2. [Leave One Subject Out (LOSO)](https://link.springer.com/article/10.1007/s00521-021-06352-5#Sec9:~:text=Full%20size%20table-,Performance%20evaluation,-For%20the%20MI) approach. LOSO is used for **Subject-independent** evaluation. In LOSO, the model is trained and evaluated by several folds, equal to the number of subjects, and for each fold, one subject is used for evaluation and the others for training. The LOSO evaluation technique ensures that separate subjects (not visible in the training data) are usedto evaluate the model.
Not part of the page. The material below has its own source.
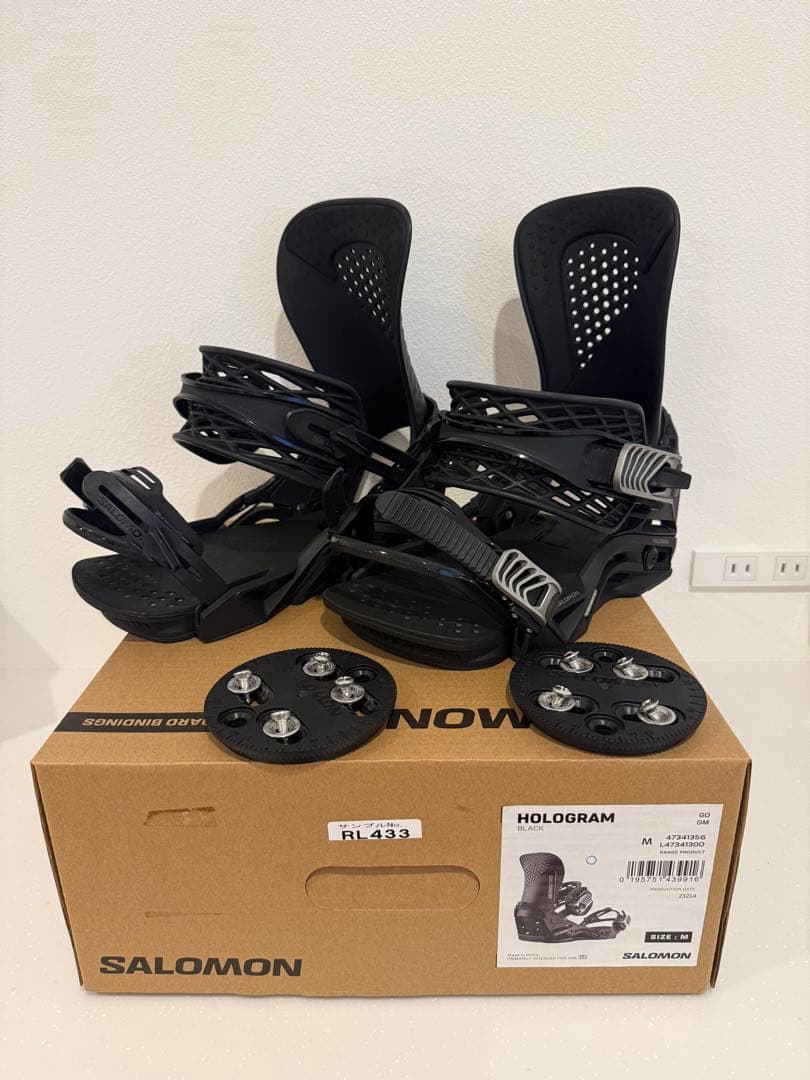 Salomon Hologram ビンディング Mサイズ ブラック23-24 SALOMON（サロモン） [日本正規品]スノーボード ビンディング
The *get_data()* method in the [*preprocess.py*](https://github.com/Altaheri/EEG-ATCNet/blob/main/preprocess.py) file is used to load the dataset and split it into training and testing. This method uses the [subject-specific](https://link.springer.com/article/10.1007/s00521-021-06352-5#Sec9:~:text=Full%20size%20table-,Performance%20evaluation,-For%20the%20MI) approach by default. If you want to use the [subject-independent (LOSO)](https://link.springer.com/article/10.1007/s00521-021-06352-5#Sec9:~:text=Full%20size%20table-,Performance%20evaluation,-For%20the%20MI) approach, set the parameter *LOSO = True*.
## About ATCNet
ATCNet model consists of three main blocks:
1. **Convolutional (CV) block**: encodes low-level spatio-temporal information within the MI-EEG signal into a sequence of high-level temporal representations through three convolutional layers.
2. **Attention (AT) block**: highlights the most important information in the temporal sequence using a multi-head self-attention (MSA).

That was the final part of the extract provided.